Data excerpt »

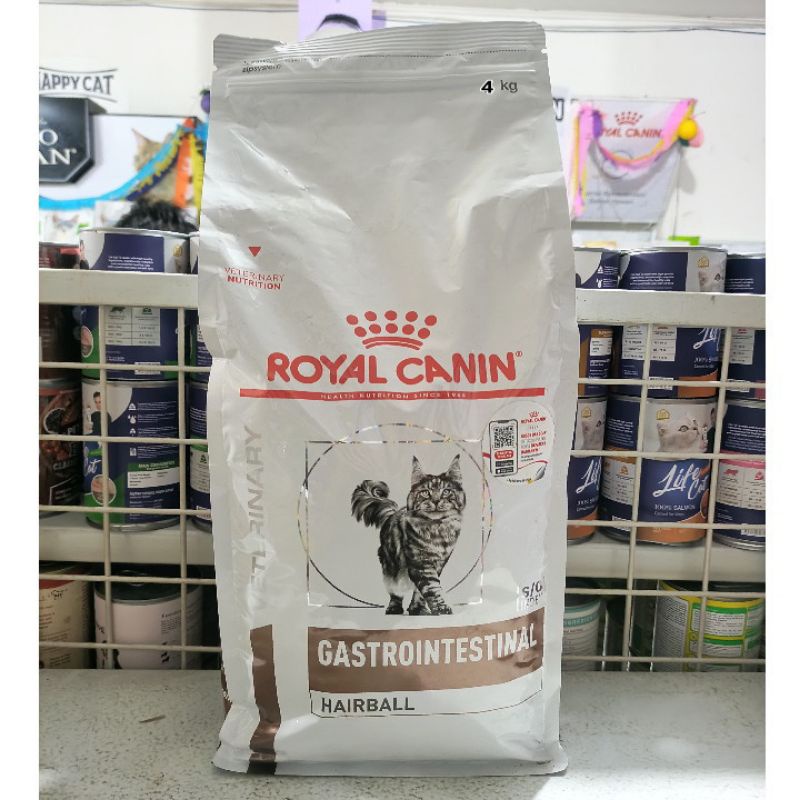 Royal Canin Gastrointestinal Hairball Kemasan 4KG / RC GI Hairball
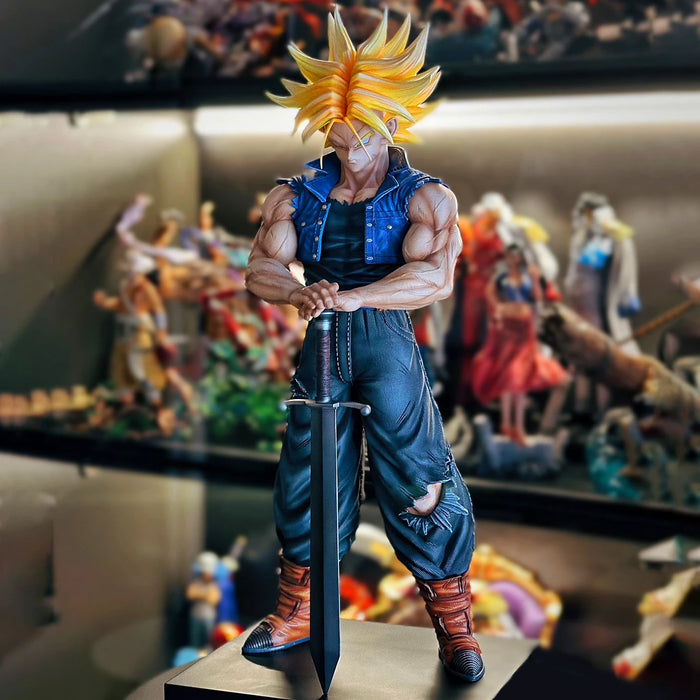 Estatueta | Action Figure Trunks do Futuro DBZ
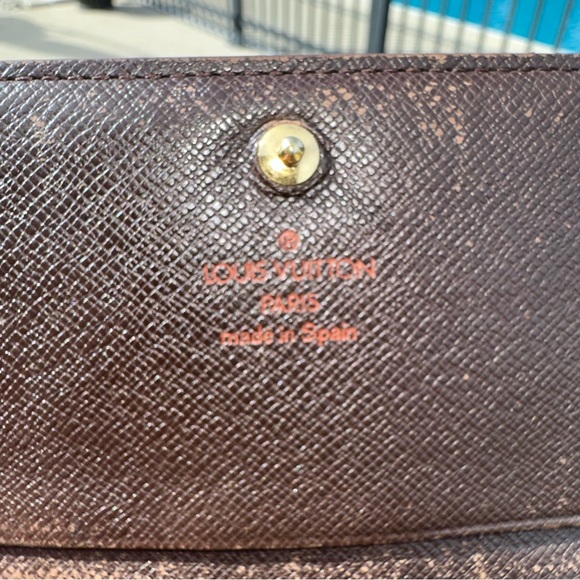 Louis Vuitton Damier Tressor wallet - Picture 6 of 11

Directions » Copy out every line of the material above precisely, omitting the pictures.

Answer for the task »
 Royal Canin Gastrointestinal Hairball Kemasan 4KG / RC GI Hairball
 Estatueta | Action Figure Trunks do Futuro DBZ
 Louis Vuitton Damier Tressor wallet - Picture 6 of 11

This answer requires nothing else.